* Work instructions *
Please print the entries below exactly, from the line with "Bed in Pousada Arraial Suites" through the line with "Eddie O'Hare Ballymacelligott's", including both of those lines and leaving out all others.

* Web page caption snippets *
══════════════════════════════

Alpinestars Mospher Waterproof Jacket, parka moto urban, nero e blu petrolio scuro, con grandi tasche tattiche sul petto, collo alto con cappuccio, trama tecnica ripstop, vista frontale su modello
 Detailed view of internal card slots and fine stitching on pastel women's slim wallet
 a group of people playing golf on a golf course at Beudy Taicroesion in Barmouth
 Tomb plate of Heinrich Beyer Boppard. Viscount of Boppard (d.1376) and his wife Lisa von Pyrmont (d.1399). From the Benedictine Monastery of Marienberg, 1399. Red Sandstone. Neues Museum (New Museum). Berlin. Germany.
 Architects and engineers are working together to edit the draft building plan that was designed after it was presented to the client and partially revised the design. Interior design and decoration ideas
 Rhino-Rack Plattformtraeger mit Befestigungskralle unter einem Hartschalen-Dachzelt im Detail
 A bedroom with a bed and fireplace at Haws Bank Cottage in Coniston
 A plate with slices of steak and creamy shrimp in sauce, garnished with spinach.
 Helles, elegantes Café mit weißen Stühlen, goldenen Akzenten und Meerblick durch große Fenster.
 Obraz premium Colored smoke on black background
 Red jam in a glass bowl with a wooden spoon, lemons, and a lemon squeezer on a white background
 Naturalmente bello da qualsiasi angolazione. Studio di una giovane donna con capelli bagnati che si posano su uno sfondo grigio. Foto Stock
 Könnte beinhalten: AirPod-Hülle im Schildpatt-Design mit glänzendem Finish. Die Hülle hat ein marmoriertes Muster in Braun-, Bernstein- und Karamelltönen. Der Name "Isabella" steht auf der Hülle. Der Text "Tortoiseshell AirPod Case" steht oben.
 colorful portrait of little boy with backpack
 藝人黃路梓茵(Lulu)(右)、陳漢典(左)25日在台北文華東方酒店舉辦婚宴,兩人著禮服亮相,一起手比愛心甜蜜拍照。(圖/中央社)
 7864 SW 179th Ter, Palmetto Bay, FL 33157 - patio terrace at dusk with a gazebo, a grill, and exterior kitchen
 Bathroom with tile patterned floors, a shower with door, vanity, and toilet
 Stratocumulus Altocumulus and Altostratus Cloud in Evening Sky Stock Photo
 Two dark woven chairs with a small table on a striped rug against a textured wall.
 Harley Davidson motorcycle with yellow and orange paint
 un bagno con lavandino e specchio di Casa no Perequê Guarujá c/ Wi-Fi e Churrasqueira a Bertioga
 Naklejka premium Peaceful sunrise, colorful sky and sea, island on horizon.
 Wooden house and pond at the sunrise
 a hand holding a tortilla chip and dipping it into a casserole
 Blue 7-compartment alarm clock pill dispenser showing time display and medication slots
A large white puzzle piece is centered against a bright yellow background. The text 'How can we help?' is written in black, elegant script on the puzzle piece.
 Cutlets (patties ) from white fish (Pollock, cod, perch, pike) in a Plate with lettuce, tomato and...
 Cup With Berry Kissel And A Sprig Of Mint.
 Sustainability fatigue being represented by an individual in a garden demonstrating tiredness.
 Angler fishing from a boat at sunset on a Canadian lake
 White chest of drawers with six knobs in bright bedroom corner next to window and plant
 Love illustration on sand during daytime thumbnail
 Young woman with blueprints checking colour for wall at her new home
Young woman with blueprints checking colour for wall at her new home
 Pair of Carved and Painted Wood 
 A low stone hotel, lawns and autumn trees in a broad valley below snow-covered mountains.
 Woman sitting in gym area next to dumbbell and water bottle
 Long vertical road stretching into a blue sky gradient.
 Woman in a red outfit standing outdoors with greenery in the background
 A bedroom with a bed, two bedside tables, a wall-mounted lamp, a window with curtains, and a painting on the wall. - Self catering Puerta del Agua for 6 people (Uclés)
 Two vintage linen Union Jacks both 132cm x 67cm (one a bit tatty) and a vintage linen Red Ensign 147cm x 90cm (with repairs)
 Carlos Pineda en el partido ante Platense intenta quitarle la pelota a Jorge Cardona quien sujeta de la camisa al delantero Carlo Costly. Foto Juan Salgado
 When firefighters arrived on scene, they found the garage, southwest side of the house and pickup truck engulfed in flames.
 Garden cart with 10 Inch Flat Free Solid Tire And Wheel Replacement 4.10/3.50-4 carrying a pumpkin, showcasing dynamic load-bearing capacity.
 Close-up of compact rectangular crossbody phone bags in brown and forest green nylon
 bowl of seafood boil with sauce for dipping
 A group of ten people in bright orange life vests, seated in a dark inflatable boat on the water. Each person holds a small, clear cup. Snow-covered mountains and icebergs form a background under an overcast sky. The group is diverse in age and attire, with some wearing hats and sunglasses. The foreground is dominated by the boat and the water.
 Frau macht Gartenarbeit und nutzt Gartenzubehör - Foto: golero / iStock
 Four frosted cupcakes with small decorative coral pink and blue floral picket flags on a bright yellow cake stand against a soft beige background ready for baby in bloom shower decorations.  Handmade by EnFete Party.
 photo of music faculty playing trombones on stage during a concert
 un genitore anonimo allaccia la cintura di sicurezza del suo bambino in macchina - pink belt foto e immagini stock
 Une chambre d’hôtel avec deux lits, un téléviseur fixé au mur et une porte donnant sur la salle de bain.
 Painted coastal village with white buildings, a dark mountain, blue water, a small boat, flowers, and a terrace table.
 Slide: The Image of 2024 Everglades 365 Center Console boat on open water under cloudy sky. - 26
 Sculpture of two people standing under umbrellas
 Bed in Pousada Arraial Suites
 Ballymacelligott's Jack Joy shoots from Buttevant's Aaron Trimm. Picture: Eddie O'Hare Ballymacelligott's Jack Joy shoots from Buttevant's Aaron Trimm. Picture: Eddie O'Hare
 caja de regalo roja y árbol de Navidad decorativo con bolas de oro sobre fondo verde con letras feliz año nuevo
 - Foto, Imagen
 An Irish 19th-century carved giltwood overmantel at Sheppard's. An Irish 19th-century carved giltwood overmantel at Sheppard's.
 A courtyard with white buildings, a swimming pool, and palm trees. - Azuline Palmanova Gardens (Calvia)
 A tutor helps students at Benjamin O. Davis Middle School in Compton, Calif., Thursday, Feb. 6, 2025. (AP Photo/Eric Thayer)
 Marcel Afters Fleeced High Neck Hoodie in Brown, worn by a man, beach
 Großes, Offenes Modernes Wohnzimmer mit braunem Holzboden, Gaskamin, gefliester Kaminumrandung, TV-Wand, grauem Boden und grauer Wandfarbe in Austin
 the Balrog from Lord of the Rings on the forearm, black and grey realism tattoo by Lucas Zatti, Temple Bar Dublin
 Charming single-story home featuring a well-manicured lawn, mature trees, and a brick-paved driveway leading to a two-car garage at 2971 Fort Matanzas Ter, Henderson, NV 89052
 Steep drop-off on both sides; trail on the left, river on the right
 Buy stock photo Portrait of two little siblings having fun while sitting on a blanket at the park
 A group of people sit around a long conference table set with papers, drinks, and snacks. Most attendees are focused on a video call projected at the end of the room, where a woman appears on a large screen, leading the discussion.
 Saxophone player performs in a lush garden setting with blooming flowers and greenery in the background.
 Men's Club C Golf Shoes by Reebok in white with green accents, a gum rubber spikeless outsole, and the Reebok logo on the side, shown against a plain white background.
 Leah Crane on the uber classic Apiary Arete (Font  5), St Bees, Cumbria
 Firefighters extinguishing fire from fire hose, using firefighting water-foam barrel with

══════════════════════════════

* Reply *
 Bed in Pousada Arraial Suites
 Ballymacelligott's Jack Joy shoots from Buttevant's Aaron Trimm. Picture: Eddie O'Hare Ballymacelligott's Jack Joy shoots from Buttevant's Aaron Trimm. Picture: Eddie O'Hare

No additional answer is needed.